ACTION ITEM =>
A word-for-word copy of every entry below is required; the images do not belong in it.

(Stored data)
----

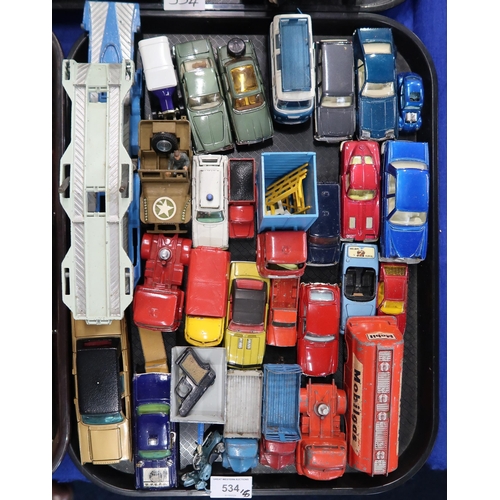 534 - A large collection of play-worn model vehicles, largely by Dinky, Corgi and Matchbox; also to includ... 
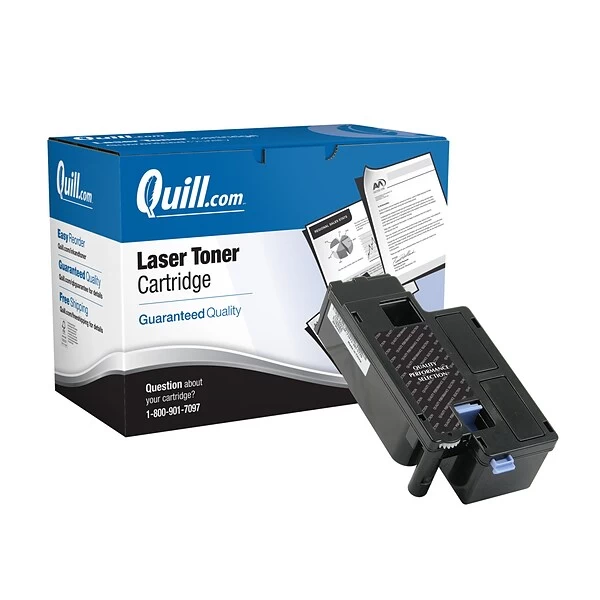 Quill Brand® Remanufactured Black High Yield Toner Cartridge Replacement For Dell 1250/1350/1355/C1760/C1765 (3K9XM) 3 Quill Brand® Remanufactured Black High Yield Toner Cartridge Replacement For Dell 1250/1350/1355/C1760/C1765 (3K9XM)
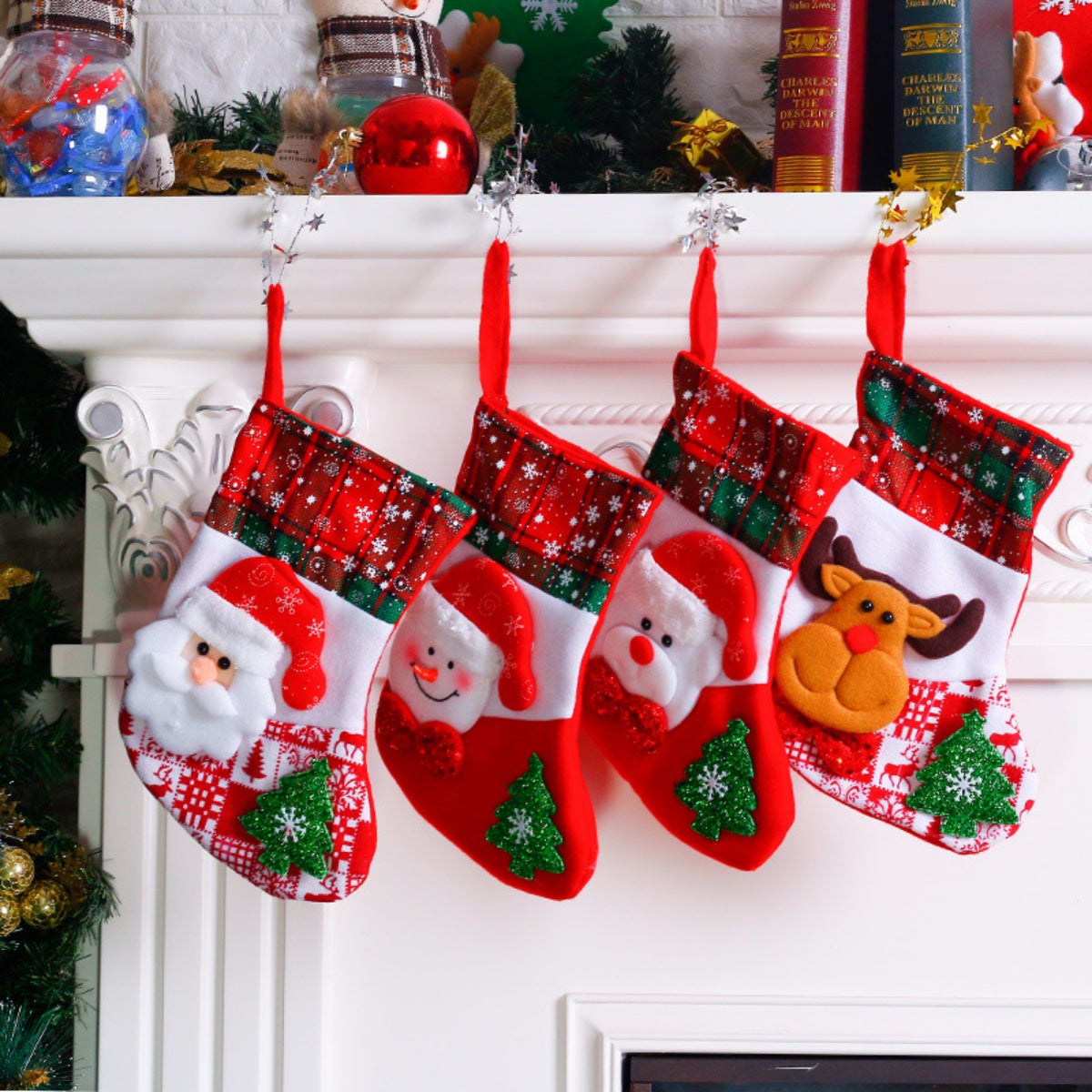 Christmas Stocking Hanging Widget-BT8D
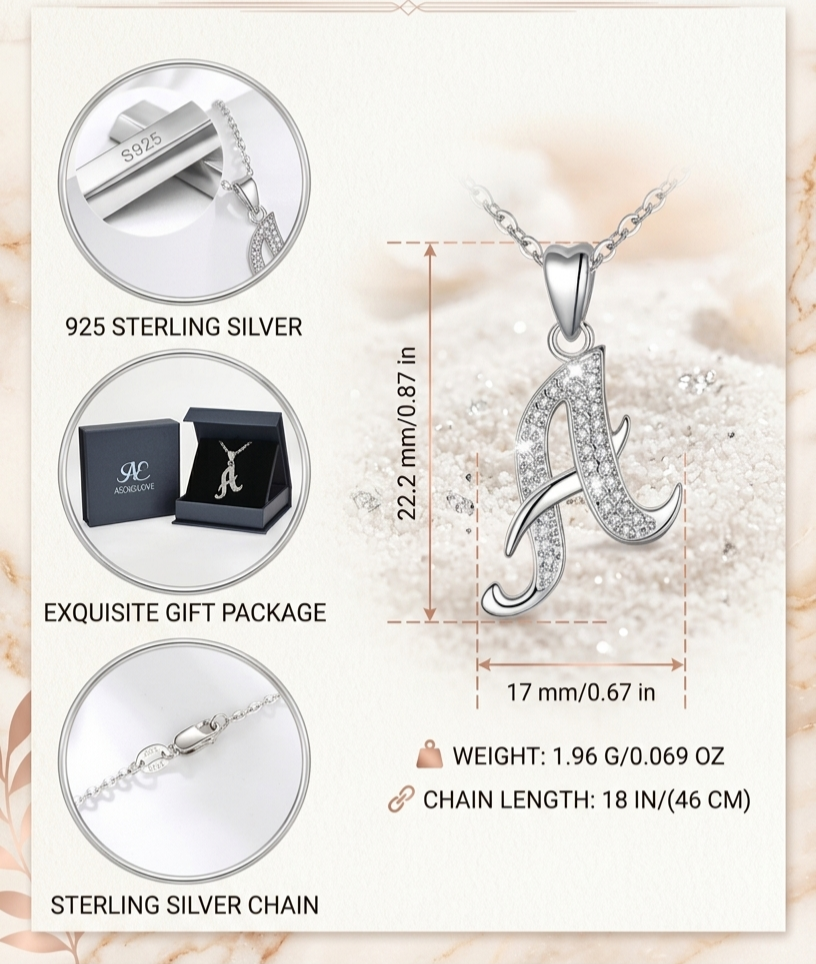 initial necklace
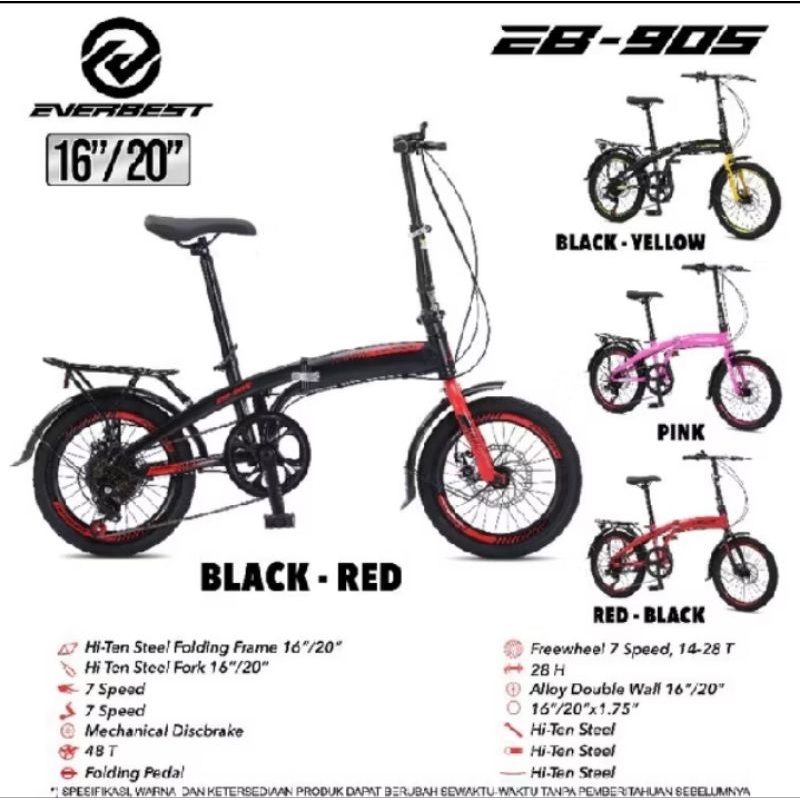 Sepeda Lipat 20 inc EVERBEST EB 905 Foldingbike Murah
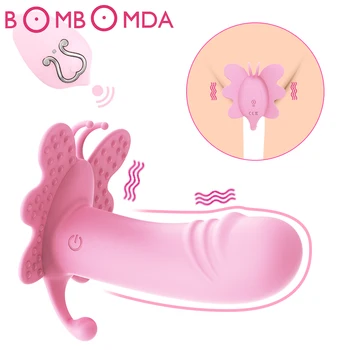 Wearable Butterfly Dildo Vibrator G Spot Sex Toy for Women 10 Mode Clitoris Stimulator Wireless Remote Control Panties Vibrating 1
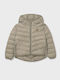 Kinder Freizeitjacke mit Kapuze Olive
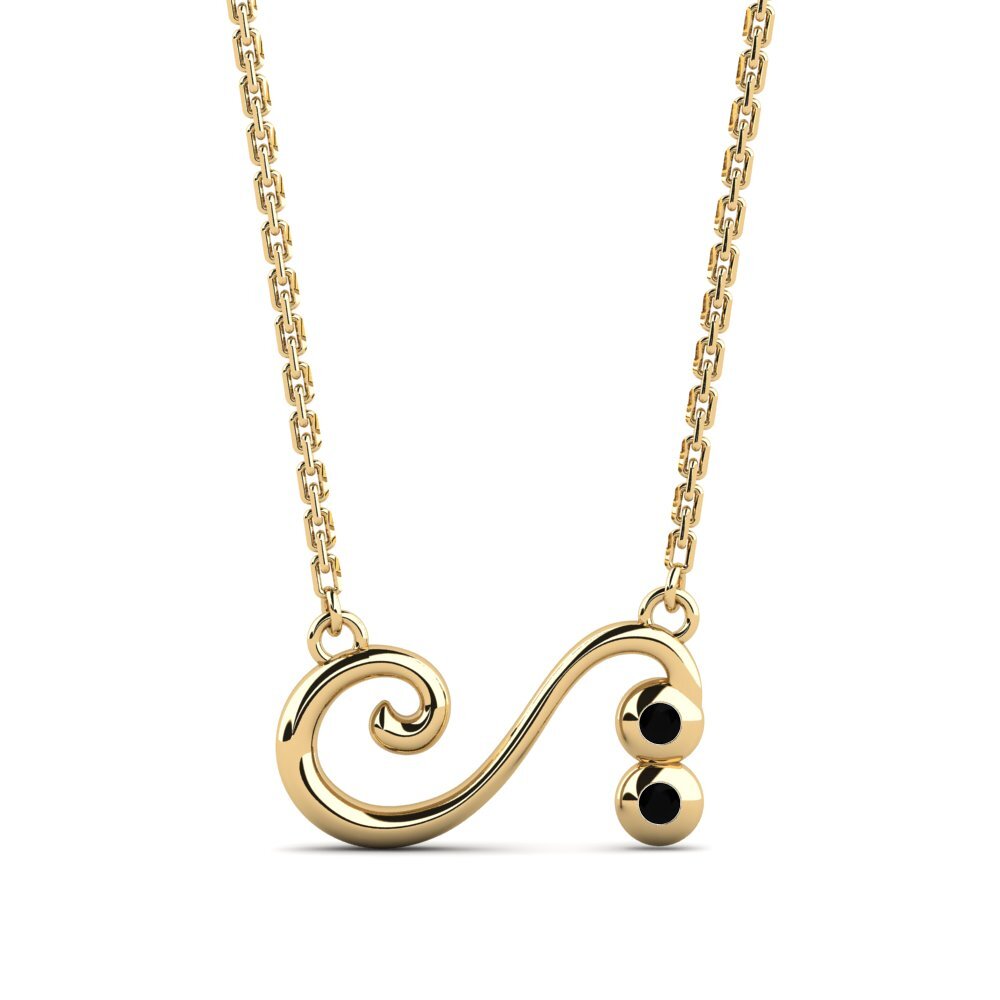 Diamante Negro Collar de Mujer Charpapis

----

EXERCISE ANSWER =>
 534 - A large collection of play-worn model vehicles, largely by Dinky, Corgi and Matchbox; also to includ... 
 Quill Brand® Remanufactured Black High Yield Toner Cartridge Replacement For Dell 1250/1350/1355/C1760/C1765 (3K9XM) 3 Quill Brand® Remanufactured Black High Yield Toner Cartridge Replacement For Dell 1250/1350/1355/C1760/C1765 (3K9XM)
 Christmas Stocking Hanging Widget-BT8D
 initial necklace
 Sepeda Lipat 20 inc EVERBEST EB 905 Foldingbike Murah
 Wearable Butterfly Dildo Vibrator G Spot Sex Toy for Women 10 Mode Clitoris Stimulator Wireless Remote Control Panties Vibrating 1
 Kinder Freizeitjacke mit Kapuze Olive
 Diamante Negro Collar de Mujer Charpapis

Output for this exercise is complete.